### Try it
Repeat the data verbatim, images excluded.

### Collected data
+++++

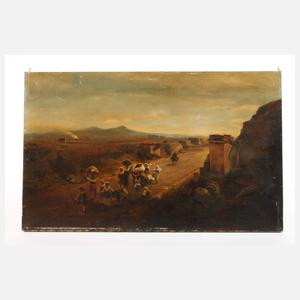 Champagnelandschaft mit Personen auf dem Weg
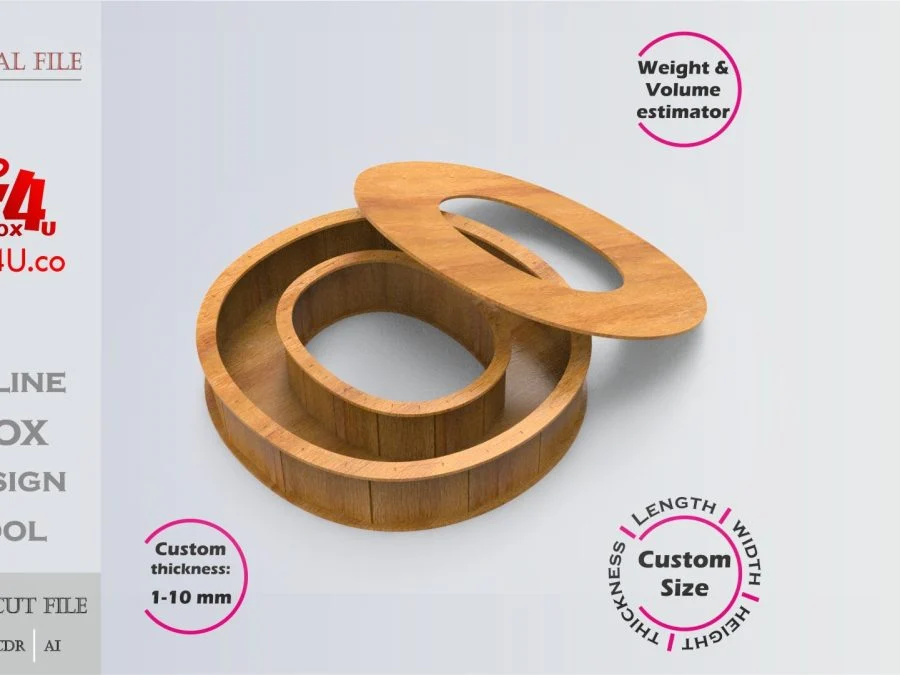 Letter O Box | wooden | Online design tool for letter boxes | custom size laser cut file DXF, AI, CDR | Box4U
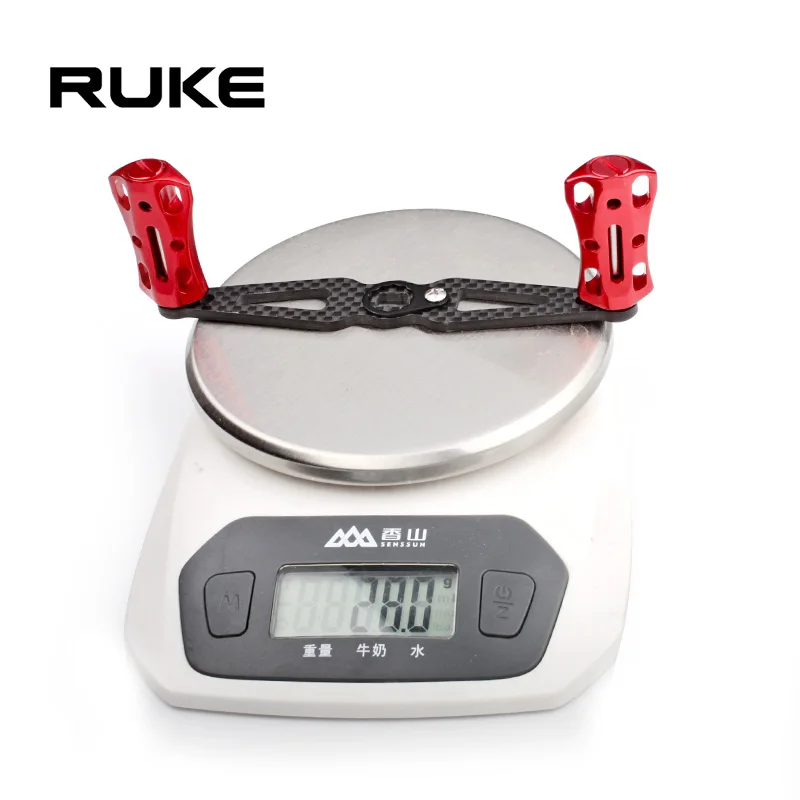 Mango de carrete de pesca Ruke, mango de fibra de carbono con perilla de aleación, accesorio basculante, tamaño del orificio 8X5/7x4mmm, traje para tipo A/D/S - imagen 5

+++++

### Exercise result
 Champagnelandschaft mit Personen auf dem Weg
 Letter O Box | wooden | Online design tool for letter boxes | custom size laser cut file DXF, AI, CDR | Box4U
 Mango de carrete de pesca Ruke, mango de fibra de carbono con perilla de aleación, accesorio basculante, tamaño del orificio 8X5/7x4mmm, traje para tipo A/D/S - imagen 5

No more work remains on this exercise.